Required action: Print each entry as it appears. Images stay out of the copy.

+++ Data to use +++

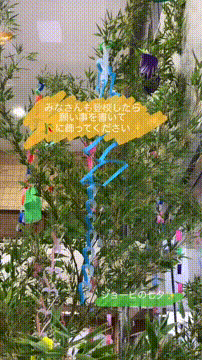 OCカメラサムネイル画像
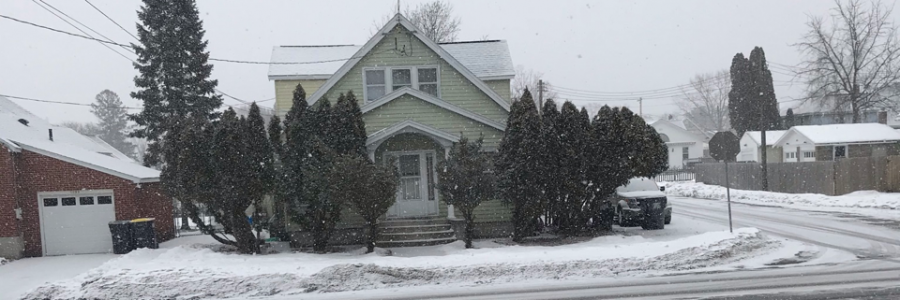 Cover image for post Iris Blossoms, by Mtrubenfire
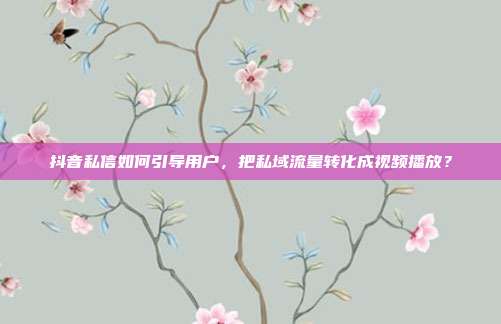 抖音私信如何引导用户，把私域流量转化成视频播放？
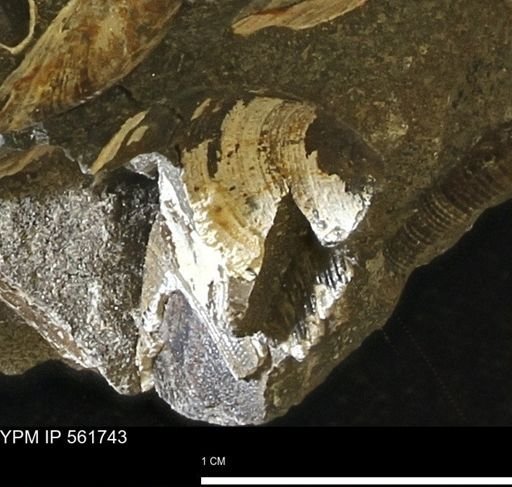 Limopsis sp.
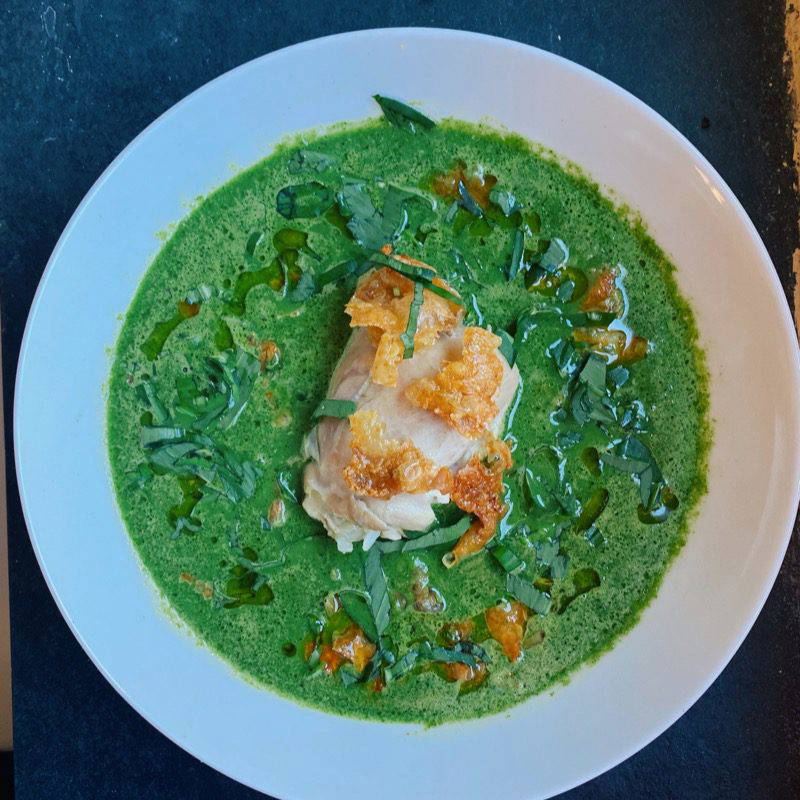 Poached Chicken and Foraged Soup 2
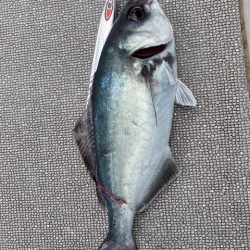 へいみつ丸 釣果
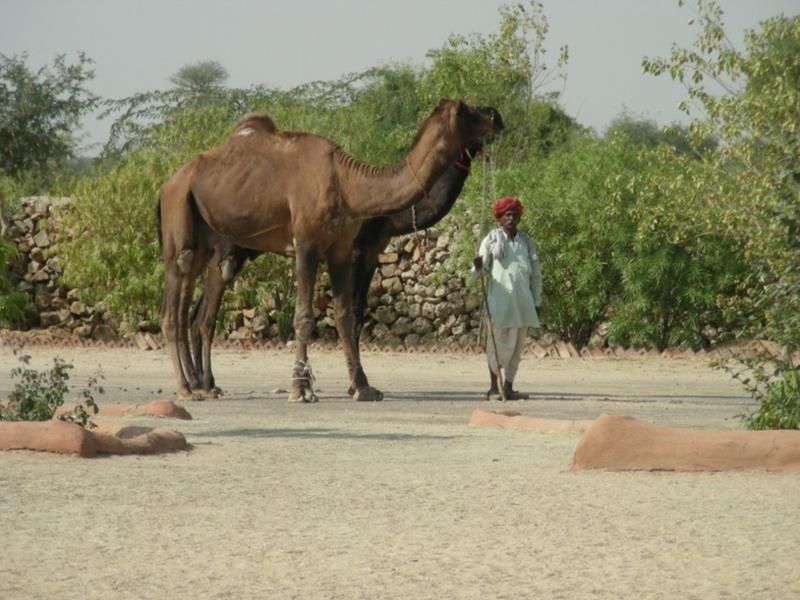 صورة الفندق 16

+++

Response:
 OCカメラサムネイル画像
 Cover image for post Iris Blossoms, by Mtrubenfire
 抖音私信如何引导用户，把私域流量转化成视频播放？
 Limopsis sp.
 Poached Chicken and Foraged Soup 2
 へいみつ丸 釣果
 صورة الفندق 16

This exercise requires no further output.